Adams arrived in Turkey on Dec. 8.

The borough president told the New York Daily News in an interview that the U.S. should welcome Syrian refugees. “If we allow them in and allow them to learn our standard of living, instead of hating Americans they will embrace Americans,” the Daily News quoted Adams as saying.

During his visit to Turkey, Adams emphasized the need to strengthen the resolve of Brooklynites and their allies around the world in combating terrorism through international cooperation.

“Brooklynites, strengthened by our diversity and committed to a safer world for raising healthy children and families, stand with our friends in Turkey, Syria and all those who are threatened by the cowardice of terrorism,” Adams said. “As our sister cities face terror, as thousands of youth are refugees fighting for their right to live without fear, Brooklyn is there to provide whatever support we can.”
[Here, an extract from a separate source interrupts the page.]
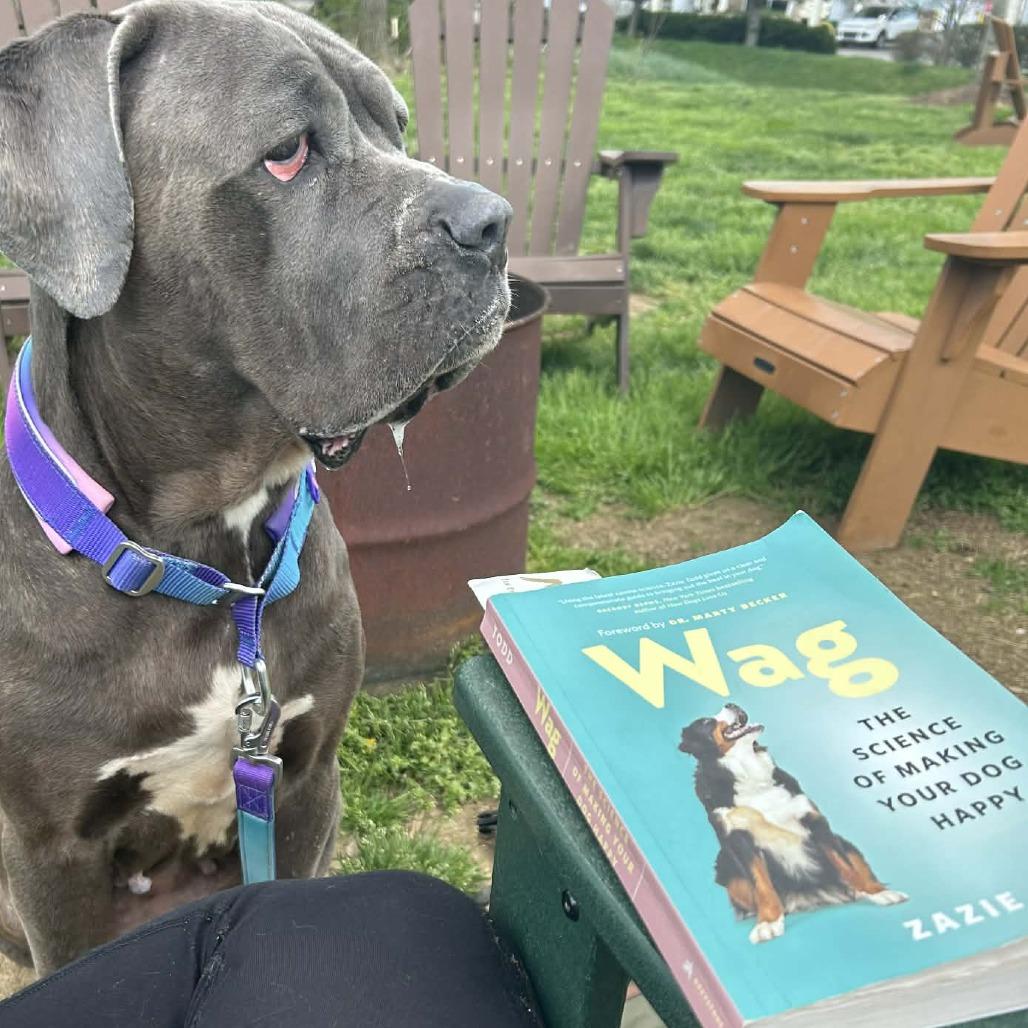 Freyja, a Adoptable Cane Corso in manchester, PA image 2/6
Another highlight of the trip was when Adams delivered the keynote address at the World Tourism Forum at the 2015 Mediterranean meeting in Antalya. His speech focused on meeting the challenges of terrorism while growing the tourism industry and balancing the concerns of local communities.

His comments included a discussion of his ongoing efforts to strengthen security at soft targets in Brooklyn. Adams emphasized the need for businesses to invest in counterterrorism training and partner closely with law enforcement. He also said it is important for visitors to be educated through tourism agencies on local safety protocols.

“We will not run and hide like some would hope, or close our borders like other fear mongers might suggest. We will be a city with open arms and vigilant eyes. Visitor activity presents an opportunity for real economic impact and cultural exchange through tourism, as well as an obligation to keep everyone who comes into Brooklyn and New York City, in addition to the millions that live and work there every day, safe and secure,” Adams said.

The borough president’s itinerary also included visits with the director general for consular affairs of the foreign ministry of Turkey as well as the mayors of Antalya, Turkey’s largest city on the coast of the Mediterranean Sea; Çankaya, the central metropolitan district of the Turkish capital of Ankara; and Gaziantep, a city in the southeastern Anatolian region.